Pubblichiamo con piacere questo articolo dell’amico Ferdinando Viola, già uscito per il Centro Studi MUSE.
Nell’opera “Il fascismo come fenomeno europeo” Adriano Romualdi, oltre a dare un contenuto storico, dottrinario e coerente al fenomeno del fascismo, cosa che nel mondo della destra in quel tempo nessuno faceva, oltre a delineare la natura profondamente europea della dottrina fascista, considerata tra l’altro l’unica in grado di liberare l’Europa dalla tirannia americana e sovietica, nei primi capitoli ci fornisce un’immagine accurata del prototipo dell’intellettuale in riferimento alle sue attitudini da studioso. Prima di arrivare alla lettura del testo di Romualdi, è opportuna una riflessione.

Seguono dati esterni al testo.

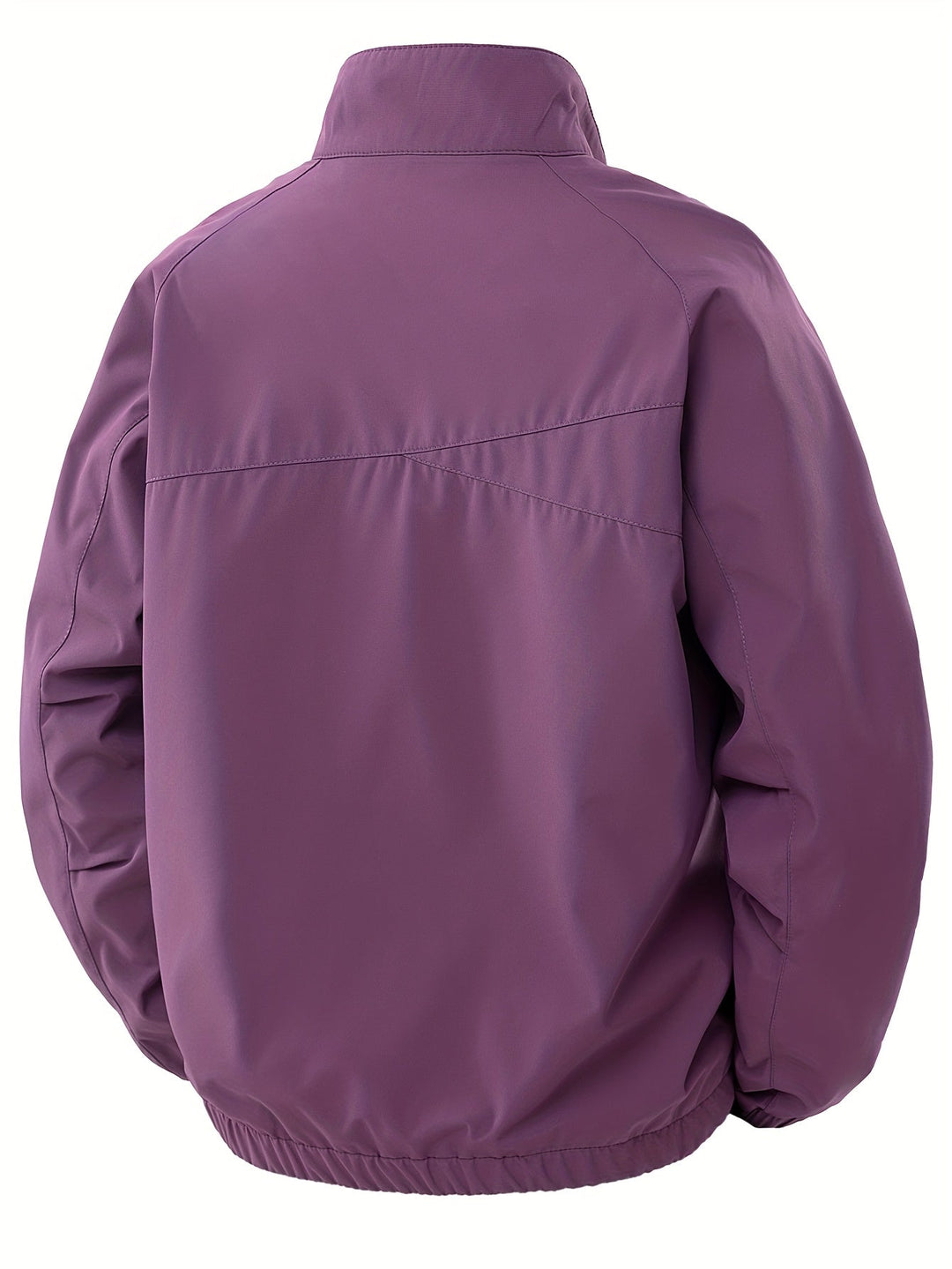Levoire | Veste Coupe-Vent Légère Décontractée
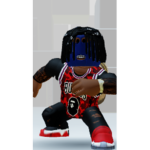 1kmurdda gang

L’intellettuale è una figura che fin dai tempi dell’illuminismo ha costituito notevole successo. Il salotto, la discussione, l’amore per il libro fine a se stesso sono tutti elementi che ancora oggi influenzano l’immaginario collettivo, nonostante l’evidente decadenza della qualità degli intellettuali, se si pensa che le istanze della sovversione marxista non siano più rappresentate da uomini del calibro di Lenin o Gramsci, ma da gente come Scurati, Raimo e Scanzi, (sempre che questi intellettuali si possano definire) e che il liberalismo, ormai in tutto e per tutto divenuto progressismo liberista o liberismo conservatore, neanche più sia in grado di produrre cultura. Eppure, che un tale fenomeno un giorno sarebbe giunto ad un livello infimo dai tratti caricaturali era ampiamente prevedibile. In effetti, l’intellettuale, credendo nel primato della ragione sull’azione, che va scissa dal pensiero, e divinizzando il libro, necessita di uno schema preimpostato, dogmatico e razionalistico, valido in ogni tempo e luogo.

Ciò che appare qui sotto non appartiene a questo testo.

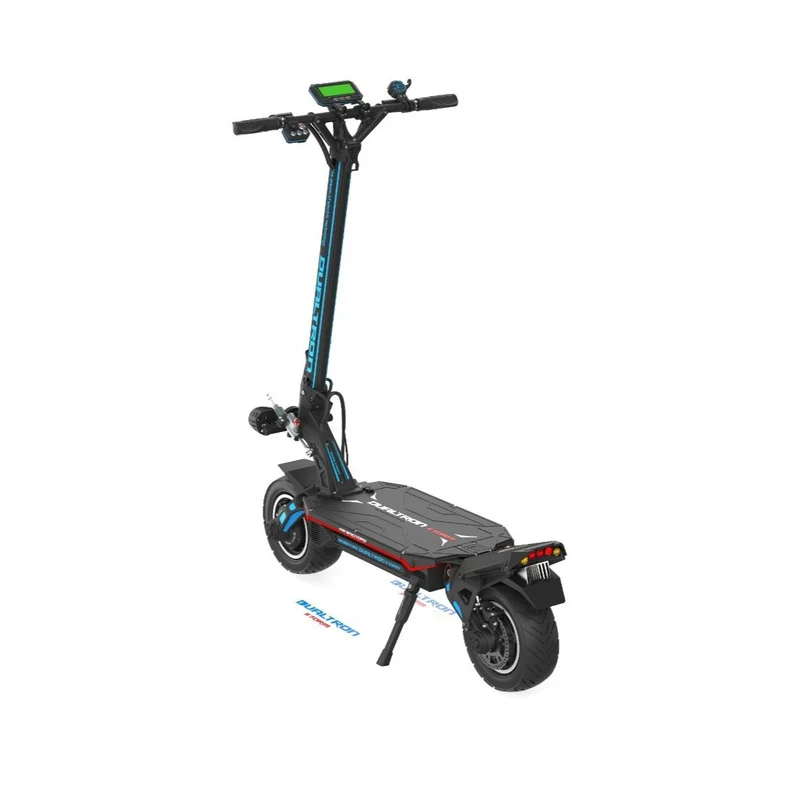 DUALTRON DT NEW Storm Limited EY4 35Ah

Non è infatti una coincidenza che il liberalismo e il comunismo abbiano dei manuali di riferimento che assumono quasi una valenza religiosa. I detentori dell’egemonia culturale, fin dai primi tempi del dopoguerra, si affannarono a descrivere il fascismo come un incidente della storia o come un moto di puro autoritarismo privo di basi culturali, sminuendo la caratura di tutti quei pensatori che invece erano profondamente fascisti, simpatizzanti o comunque certamente antitetici alle ideologie dal fascismo combattute. Il perché ciò sia avvenuto è ovviamente dovuto a intenti censori, ma è anche causato dalla natura stessa del fascismo, la cui profonda essenza, partendo da principi metafisici e dinamici e avendo tra i suoi massimi riferimenti il culto della nazione, si manifestava in forme differenti e variabili, non racchiudibili in nessun libretto di istruzioni. Un intellettuale quindi nel senso convenzionale del termine avrebbe dovuto fare uno sforzo in più per classificarlo e studiarlo nel modo più opportuno. Nell’opera “Il fascismo come fenomeno europeo”, Adriano Romualdi, scrive quanto segue:
Lo studioso si troverà sempre più a suo agio di fronte ad un fenomeno come il Comunismo, alla cui base c’è il libro – Il Capitale -, che egli può leggere comodamente. Che poi ne “Il Capitale” sia scritto che comunismo significa abolizione dello Stato e gestione dal basso, mentre in Russia e Cina le cose sono un po’ diverse, o che il comunismo è un movimento di avanguardia della società industriale più progredita, mentre esso si regge solo in paesi arretrati, questo è un altro discorso. Ma ciò non toglie che lo studioso trovi nel comunismo “un sistema “, qualcosa di più facile da definire, mentre il Fascismo, con le sue brusche improvvisazioni, lo disorienta. A prima vista: perché in realtà basta un po’ di pazienza per accorgersi come taluni contenuti comuni i fascismi li possedettero. Il nazionalismo, la concezione autoritaria dello Stato, l’idea della collaborazione tra le classi nel quadro d’un “socialismo nazionale”, il culto di taluni valori legati alla vita militare e alla guerra (disciplina, cameratismo, spirito di sacrificio, insieme con una generica disposizione “antimaterialistica” e “antiborghese” sono costanti ravvisabili in tutti i fascismi)”.